Cakebread Cellars is one of the most respected wineries in California’s Napa Valley and I was honored to be a guest at a tasting of their wines hosted at Bijoux, Scott and Gina Gottlich’s restaurant, in Dallas this week. Located in the exclusive Rutherford area of the valley, Cakebread epitomizes wines that represent their place: valley floor fruit from central Napa Valley and cool climate fruit from Carneros at the southern end of the valley which is, in archetypal California contrarian fashion, also the coolest part of the valley on account of its proximity to cool air funneling north from San Francisco Bay.
Beat Kotoun, area representative for Kobrand Corporation (who represent Cakebread wines worldwide), presented the wines. Beat’s passion, experience, and deep product knowledge shone through as he talked about these wines, and it was only later that I realized that he is the only 61-year-old with a ponytail that I have met this week. Rock on.
We started with 2010 Cakebread Napa Valley Sauvignon Blanc. This wine is something of a reference for Napa Sauvignon Blanc given its forward fruit, its undeniable, but not ferocious, acid and its considerable body in the mouth. If you have oysters, or Scott Gottlich’s divine goat cheese with honey gastrigue as an amuse bouche, this wine is spot-on.
One would think of a restaurant named Bijoux as transfixed by French influences. In which case, the next course would have thrown you off. A panzanella salad (campari tomatoes, pan fried bread and buffalo mozzarella) was by-the-book, even down to the use of stale bread to soak up the liquid. It was an insightful choice, as it contained very little vinegar in the dressing, so it paired dutifully with the 2009 Cakebread Napa Chardonnay. Cakebread ages this wine for eight months in French oak, of which only 35% is new. That amounts to a fairly short time in a fairly neutral oak environment, so the wine takes on some benefits of aging and a little oakiness. To the palate, this means a little vanilla in the mouth but mainly Chardonnay fruit and lemon. This will prove to be a popular wine because it is so broadly enjoyable: one can quaff it on the patio or pair it with salad, poultry, or seafood.

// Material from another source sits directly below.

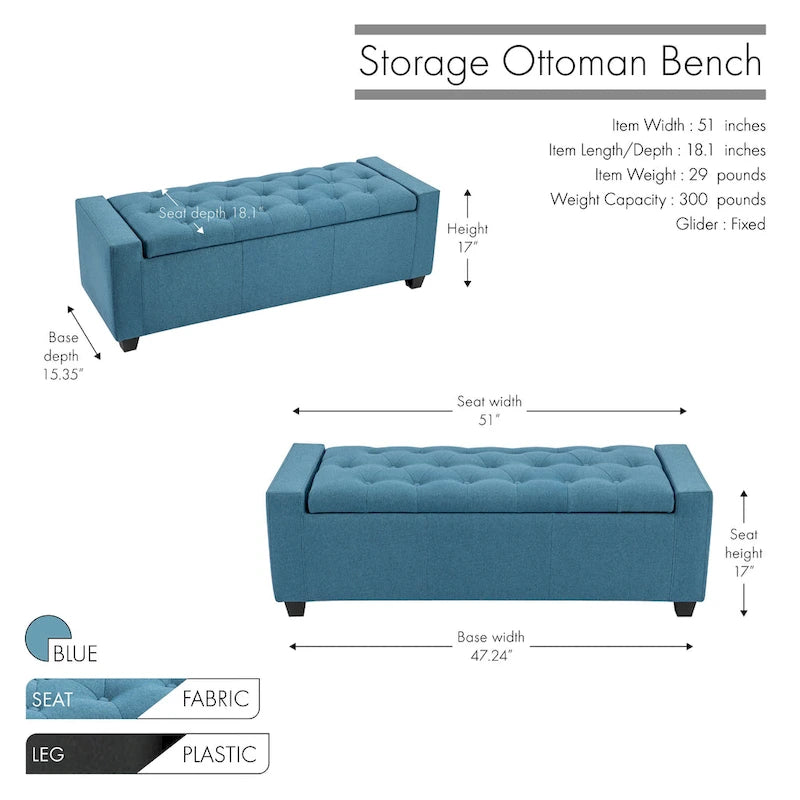 Banc coffre de rangement capitonné en tissu avec couvercle rabattable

I felt I needed a military band to announce the arrival of the next wine, such was the step up in seriousness with the 2009 Chardonnay “Reserve” from the Napa part of Carneros. The cool climate, where fog predominates almost until noon in the height of summer, means grapes can sustain a long growing season and long, steady ripening. This wine was more oaky than the previous Chardonnay on account of having been fermented in French oak barrels (about a third new) and then aged for 15 months in French oak. The taste was made up of tropical fruits, oak and melon flavors. Given its greater power, it was well-paired with sweet corn soup topped with crème fraiche and dotted with tiny tasty nuggets of apple-smoked bacon. The soup had been puréed as smooth as velvet and reduced only to a light cream consistency that belied the intensity of the corn flavors.
Now about those reds. A robust and youthful 2008 Napa Merlot will keep for at least a decade. This is undoubtedly a product of the New World with its forward fruit and tannic backbone typical of Napa valley floor grapes. We had it with roasted quail and sides of soft Texas carrot purée and contrasting munchy fava beans.
Dessert was a refreshing guava sorbet.
Finally, the wine that Cakebread is perhaps best known for is their Napa Cabernet Sauvignon. We had the 2009 which, surprisingly, was softer and more mature than the preceding Merlot. The slow braised veal cheeks that Bijoux served with it matched the softness of the wine. The meat could be cut with a fork. It also benefited from Cabernet Sauvignon in the demi-glace.
Overall, the family-run Cakebread winery continues to produce quality wine from some of the best parts of Napa Valley and remains a solid choice for wine lovers. Cakebread wines are in wide distribution at wine stores in the Dallas area. Bijoux holds wine diners on a monthly basis. Check their web site to join the mailing list to hear of future events.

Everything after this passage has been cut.